Wie in der Parfümerie unterteilt man ätherische Öle nach ihrer Flüchtigkeit:

„Ein gelungener Raumduft verbindet flüchtige Frischenoten mit beruhigenden Herz- und erdenden Basisnoten zu einer harmonischen Synergie.“

1. Die Kopfnote (Top Note)

Leicht, frisch und rasch verfliegend (ca. 15–30 Minuten). Sie vermittelt den ersten Eindruck. Beispiele: Zitrone, Bergamotte, Pfefferminze, Grapefruit.

2. Die Herznote (Middle Note)

Charakterbildend und mäßig flüchtig (ca. 2–4 Stunden).

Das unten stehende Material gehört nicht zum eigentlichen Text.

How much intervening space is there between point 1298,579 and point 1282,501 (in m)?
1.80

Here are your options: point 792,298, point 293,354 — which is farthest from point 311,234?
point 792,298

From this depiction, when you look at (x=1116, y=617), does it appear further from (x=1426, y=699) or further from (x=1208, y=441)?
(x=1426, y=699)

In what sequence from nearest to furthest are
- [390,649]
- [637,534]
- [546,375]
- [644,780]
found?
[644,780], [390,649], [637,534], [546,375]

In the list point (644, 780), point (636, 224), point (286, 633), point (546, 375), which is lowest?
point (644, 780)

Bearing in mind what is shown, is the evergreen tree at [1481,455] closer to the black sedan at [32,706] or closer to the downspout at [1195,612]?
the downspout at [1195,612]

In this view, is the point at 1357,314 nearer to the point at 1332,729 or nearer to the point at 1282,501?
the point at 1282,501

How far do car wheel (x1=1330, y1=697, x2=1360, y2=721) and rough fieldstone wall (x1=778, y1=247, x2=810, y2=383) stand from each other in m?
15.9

Sie bildet das Herzstück der Duftmischung. Beispiele: Lavendel, Kamille, Rose, Geranie.

3. Die Basisnote (Base Note)

Schwer, erdend und langanhaltend (bis zu 24 Stunden). Sie fixiert leichtere Noten im Raum. Beispiele: Zirbelkiefer, Sandelholz, Weihrauch, Zeder.

Die 6 beliebtesten Öle im Detail-Profil

1. Echter Lavendel (Lavandula angustifolia)

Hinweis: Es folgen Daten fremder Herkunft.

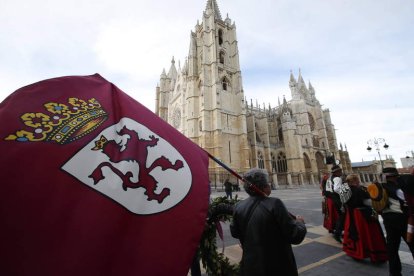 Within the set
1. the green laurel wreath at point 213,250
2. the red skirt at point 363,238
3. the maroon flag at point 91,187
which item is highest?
the maroon flag at point 91,187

Gilt als die Königin der Heilpflanzen in der Aromatherapie. Das enthaltene Linalool und Linalylacetat wirken beruhigend auf das zentrale Nervensystem, fördern die Entspannung der Muskulatur und schenken tiefen Schlaf.

Ideal für: Schlafzimmer, Meditation, Stressabbau.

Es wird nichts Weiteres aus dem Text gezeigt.